EXERCISE DIRECTIONS: Nothing in the records should be changed in the copy, though the pictures must be left out.
━━━ INFORMATION GIVEN ━━━
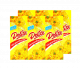 Delite Chrysanthemum Tea  - Carton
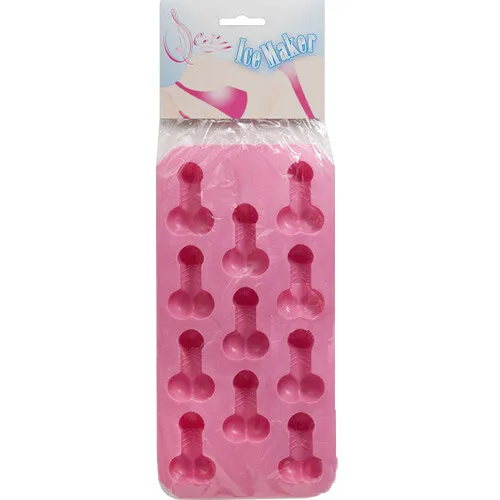 Küchenhelfer & -utensilien Pink von Orion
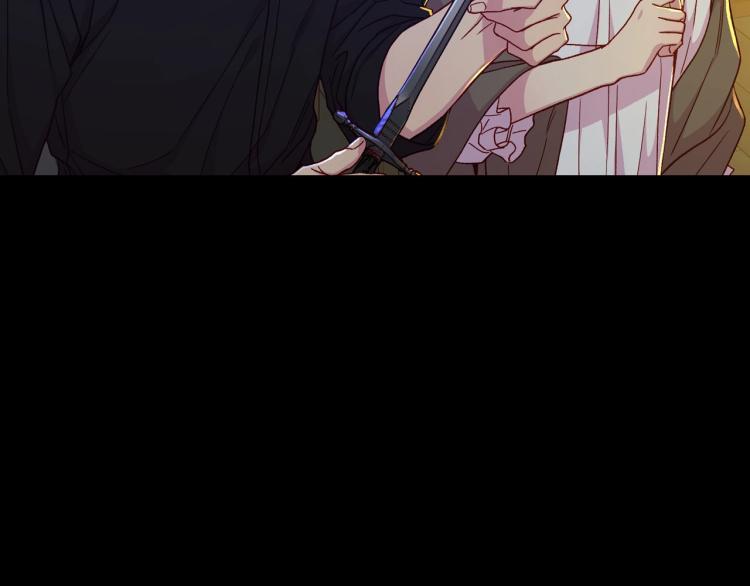 第50话 束手就擒153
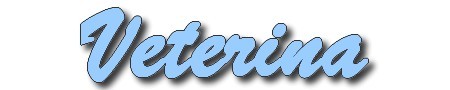 Veterina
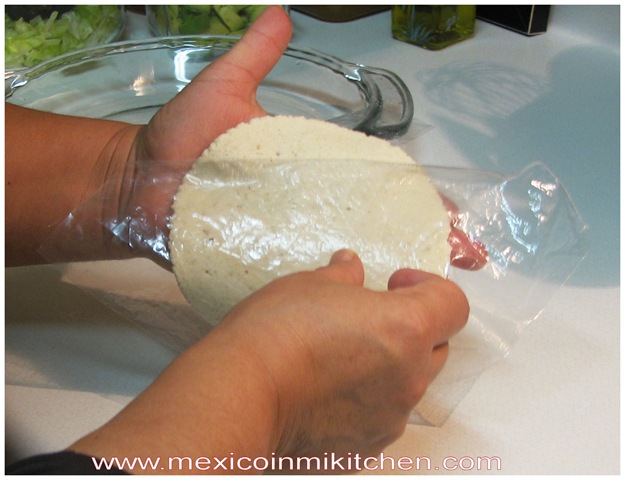[sopes54.jpg]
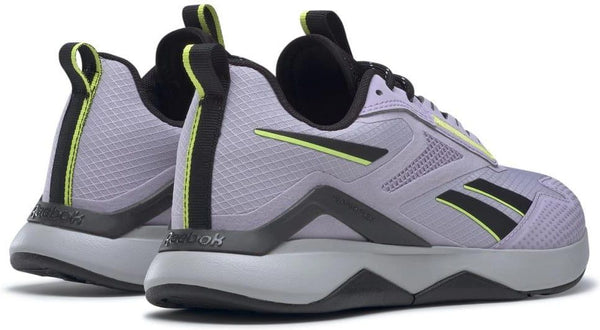 [100063294/HR0417] WOMENS REEBOK NANOFLEX ADVENTURE TR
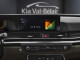 2026 Kia Carnival - Thumbnail 6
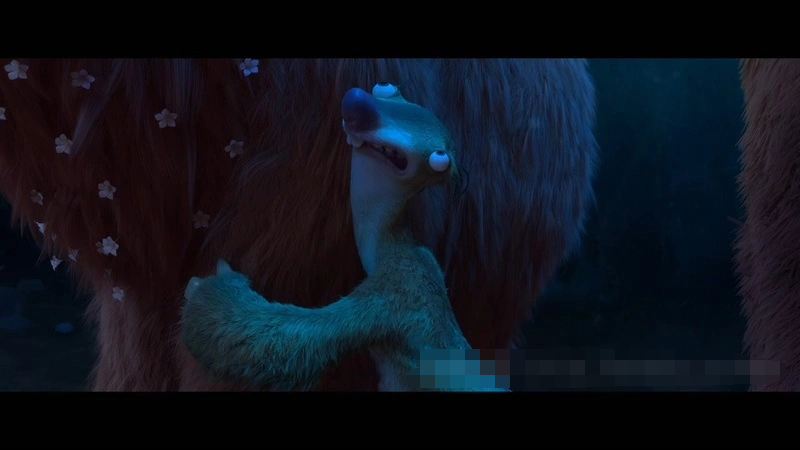 -1 -1
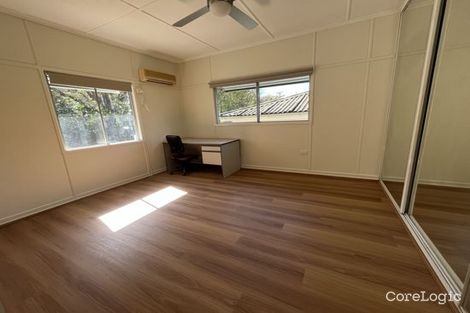 Property photo of 75 Whitmore Street Taringa QLD 4068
━━━
SOLUTION:
 Delite Chrysanthemum Tea  - Carton
 Küchenhelfer & -utensilien Pink von Orion
 第50话 束手就擒153
 Veterina
[sopes54.jpg]
 [100063294/HR0417] WOMENS REEBOK NANOFLEX ADVENTURE TR
 2026 Kia Carnival - Thumbnail 6
 -1 -1
 Property photo of 75 Whitmore Street Taringa QLD 4068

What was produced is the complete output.